Similar to Aeroflex, Vice Chancellor Laster suggested that the plaintiffs either drop their complaint, ask for a mootness fee or craft a narrower release. The decision is a striking example of the court no longer limiting itself to rejecting disclosure-only settlements. It is now prepared to reject settlements that arguably conferred tangible benefits for the stockholders, if those benefits do not justify a global release.

New Developments

The new approach to approval of settlements signaled in Harbinger, Aeroflex and InterMune has already spread to other cases. In a scheduling order for the settlement of claims brought over the acquisition of Aruba Networks, Inc. by Hewlett-Packard Company (see the What's Market merger agreement summary), Vice Chancellor Laster added a comment that, "Plaintiffs' counsel shall address in their brief and be prepared to explain at oral argument why this matter should not be approached in the same manner as the Aeroflex case" (In re Aruba Networks, Inc. S'holder Litig., Consol. C.A. No. 10765-VCL (Del. Ch. Jul. 17, 2015)).

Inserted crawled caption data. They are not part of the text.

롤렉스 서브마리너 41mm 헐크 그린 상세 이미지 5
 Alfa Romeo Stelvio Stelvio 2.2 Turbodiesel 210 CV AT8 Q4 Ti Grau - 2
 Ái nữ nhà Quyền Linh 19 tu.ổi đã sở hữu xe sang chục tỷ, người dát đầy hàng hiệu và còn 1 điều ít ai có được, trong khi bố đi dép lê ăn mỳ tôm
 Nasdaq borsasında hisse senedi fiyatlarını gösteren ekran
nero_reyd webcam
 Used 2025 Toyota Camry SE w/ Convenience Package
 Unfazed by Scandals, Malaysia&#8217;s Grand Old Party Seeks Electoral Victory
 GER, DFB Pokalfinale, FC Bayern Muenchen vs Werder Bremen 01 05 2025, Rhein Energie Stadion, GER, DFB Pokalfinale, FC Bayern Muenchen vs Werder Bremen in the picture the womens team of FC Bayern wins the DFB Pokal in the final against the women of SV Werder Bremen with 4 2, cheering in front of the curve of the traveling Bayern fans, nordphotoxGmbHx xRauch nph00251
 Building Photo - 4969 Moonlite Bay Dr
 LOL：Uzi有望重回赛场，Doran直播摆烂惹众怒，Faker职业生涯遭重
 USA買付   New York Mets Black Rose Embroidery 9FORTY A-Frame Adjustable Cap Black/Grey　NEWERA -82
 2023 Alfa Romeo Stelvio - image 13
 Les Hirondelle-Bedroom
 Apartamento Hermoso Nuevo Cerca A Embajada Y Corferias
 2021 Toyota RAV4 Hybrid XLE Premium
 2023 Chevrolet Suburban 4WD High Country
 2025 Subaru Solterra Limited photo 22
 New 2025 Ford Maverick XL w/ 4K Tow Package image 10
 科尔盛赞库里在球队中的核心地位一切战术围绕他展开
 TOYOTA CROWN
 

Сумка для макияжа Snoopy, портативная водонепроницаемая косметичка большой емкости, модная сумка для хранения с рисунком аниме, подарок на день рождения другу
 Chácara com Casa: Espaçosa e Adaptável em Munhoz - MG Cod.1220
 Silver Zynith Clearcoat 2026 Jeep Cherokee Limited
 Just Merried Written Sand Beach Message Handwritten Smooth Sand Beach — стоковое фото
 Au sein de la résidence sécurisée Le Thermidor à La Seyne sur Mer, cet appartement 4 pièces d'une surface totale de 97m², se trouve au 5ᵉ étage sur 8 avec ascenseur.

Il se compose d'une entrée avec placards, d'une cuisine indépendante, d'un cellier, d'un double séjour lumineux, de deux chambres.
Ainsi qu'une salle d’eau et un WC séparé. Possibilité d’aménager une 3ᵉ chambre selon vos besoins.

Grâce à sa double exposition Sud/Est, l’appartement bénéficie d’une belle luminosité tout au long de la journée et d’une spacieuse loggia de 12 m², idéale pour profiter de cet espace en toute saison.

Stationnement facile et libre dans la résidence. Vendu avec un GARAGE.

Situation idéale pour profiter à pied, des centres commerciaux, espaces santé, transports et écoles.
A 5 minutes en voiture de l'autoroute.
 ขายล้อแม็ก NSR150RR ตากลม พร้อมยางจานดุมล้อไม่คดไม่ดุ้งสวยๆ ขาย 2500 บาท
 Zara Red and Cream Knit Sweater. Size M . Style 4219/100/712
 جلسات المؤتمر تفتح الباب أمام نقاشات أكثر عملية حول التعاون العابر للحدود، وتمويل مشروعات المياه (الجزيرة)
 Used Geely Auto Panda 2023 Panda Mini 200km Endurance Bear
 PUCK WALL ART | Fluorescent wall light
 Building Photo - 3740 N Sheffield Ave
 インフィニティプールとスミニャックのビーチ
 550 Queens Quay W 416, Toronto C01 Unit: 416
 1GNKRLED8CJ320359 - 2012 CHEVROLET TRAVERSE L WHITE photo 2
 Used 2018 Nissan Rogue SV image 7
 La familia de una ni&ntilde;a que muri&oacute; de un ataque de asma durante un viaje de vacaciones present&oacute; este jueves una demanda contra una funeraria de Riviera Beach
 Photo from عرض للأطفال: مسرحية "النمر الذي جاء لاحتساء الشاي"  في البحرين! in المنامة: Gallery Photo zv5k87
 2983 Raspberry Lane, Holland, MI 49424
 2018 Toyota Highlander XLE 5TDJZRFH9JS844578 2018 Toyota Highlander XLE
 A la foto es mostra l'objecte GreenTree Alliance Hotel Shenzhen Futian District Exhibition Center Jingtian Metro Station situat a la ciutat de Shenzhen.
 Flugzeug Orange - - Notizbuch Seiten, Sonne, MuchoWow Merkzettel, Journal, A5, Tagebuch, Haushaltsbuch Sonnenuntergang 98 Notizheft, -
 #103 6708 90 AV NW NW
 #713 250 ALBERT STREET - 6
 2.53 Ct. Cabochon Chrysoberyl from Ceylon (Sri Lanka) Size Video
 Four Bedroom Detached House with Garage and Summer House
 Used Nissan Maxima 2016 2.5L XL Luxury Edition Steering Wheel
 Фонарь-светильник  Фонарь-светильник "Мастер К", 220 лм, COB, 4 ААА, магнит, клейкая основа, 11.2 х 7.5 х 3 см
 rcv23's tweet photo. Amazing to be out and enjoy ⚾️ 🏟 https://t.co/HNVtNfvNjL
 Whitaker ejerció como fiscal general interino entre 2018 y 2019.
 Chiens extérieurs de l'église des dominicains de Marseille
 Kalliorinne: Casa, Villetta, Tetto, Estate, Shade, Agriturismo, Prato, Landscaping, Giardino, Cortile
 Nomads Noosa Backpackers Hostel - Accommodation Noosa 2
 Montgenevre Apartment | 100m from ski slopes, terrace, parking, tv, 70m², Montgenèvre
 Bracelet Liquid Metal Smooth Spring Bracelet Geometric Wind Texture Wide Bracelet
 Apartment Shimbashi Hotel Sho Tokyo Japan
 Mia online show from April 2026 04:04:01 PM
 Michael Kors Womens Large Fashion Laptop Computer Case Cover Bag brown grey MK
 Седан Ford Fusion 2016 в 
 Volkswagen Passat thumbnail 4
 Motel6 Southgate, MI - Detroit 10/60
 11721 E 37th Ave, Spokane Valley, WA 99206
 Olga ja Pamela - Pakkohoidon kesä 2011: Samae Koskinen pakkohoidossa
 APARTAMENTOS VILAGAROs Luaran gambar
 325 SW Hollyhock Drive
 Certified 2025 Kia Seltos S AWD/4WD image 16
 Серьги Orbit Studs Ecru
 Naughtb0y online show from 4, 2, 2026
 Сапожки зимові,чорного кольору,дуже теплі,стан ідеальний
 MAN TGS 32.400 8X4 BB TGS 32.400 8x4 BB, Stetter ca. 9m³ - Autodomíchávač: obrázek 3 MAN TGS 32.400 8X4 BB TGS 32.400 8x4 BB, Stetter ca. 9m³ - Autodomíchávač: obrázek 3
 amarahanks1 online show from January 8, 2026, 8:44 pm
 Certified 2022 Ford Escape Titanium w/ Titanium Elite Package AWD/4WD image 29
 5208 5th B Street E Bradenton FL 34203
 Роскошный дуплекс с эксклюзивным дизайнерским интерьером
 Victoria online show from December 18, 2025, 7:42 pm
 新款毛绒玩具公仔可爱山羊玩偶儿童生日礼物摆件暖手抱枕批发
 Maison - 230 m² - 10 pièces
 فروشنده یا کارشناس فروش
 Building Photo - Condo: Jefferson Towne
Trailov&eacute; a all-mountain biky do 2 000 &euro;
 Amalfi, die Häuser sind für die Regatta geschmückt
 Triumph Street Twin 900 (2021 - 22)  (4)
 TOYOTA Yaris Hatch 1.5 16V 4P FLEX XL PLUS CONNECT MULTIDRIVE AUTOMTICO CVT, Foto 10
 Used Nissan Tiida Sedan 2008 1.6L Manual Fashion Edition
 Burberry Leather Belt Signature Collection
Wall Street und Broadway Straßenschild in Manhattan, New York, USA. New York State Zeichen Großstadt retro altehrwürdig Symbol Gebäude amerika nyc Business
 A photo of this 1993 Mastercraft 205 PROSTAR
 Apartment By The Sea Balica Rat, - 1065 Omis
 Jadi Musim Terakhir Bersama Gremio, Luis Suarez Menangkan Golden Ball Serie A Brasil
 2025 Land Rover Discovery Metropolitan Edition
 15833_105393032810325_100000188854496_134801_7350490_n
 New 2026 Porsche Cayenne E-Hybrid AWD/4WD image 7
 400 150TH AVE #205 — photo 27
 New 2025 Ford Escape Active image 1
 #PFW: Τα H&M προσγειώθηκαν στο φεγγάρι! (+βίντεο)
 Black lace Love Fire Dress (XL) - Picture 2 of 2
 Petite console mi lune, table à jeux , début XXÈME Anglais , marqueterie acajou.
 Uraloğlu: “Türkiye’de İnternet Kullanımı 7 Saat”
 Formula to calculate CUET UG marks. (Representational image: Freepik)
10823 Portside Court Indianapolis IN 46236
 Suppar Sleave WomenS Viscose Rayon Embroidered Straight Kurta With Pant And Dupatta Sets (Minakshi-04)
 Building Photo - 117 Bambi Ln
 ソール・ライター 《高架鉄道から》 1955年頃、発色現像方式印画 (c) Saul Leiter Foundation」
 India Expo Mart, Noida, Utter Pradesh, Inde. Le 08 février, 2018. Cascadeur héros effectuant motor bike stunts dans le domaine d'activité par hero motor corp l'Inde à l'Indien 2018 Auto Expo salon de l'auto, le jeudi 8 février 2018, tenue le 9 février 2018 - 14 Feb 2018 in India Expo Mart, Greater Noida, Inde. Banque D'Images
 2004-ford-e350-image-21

The view that disclosure-only settlements do not add value for stockholders is also coming to the fore in the dispute over the LBO of Riverbed Technology, Inc. (see the What's Market summary of the merger agreement). In that case, the parties have agreed to a settlement, but are facing an objection from Professor Sean Griffith, one of the co-authors of the "Peppercorn Settlement" paper cited by Vice Chancellor Laster in Aeroflex. In an interview with Alison Frankel of Reuters, Professor Griffith divulged that he has been buying shares of companies that have announced their sales in public mergers in order to obtain standing as a stockholder and object to settlements of the type described in the paper. The presiding judge, Vice Chancellor Glasscock, has ruled that Professor Griffith cannot be deposed in connection with his objection (In re Riverbed Tech., Inc., (Del. Ch. Jul. 14, 2015)).
Plaintiffs' counsel has opposed Professor Griffith's "ideological crusade," warning that his objection must be struck lest it lead to a "stampede" of "professional objectors." Defendants' counsel has joined in that opposition. Professor Griffith has again provided his thoughts to Alison Frankel.
Oral argument in Riverbed is scheduled for July 27, 2015.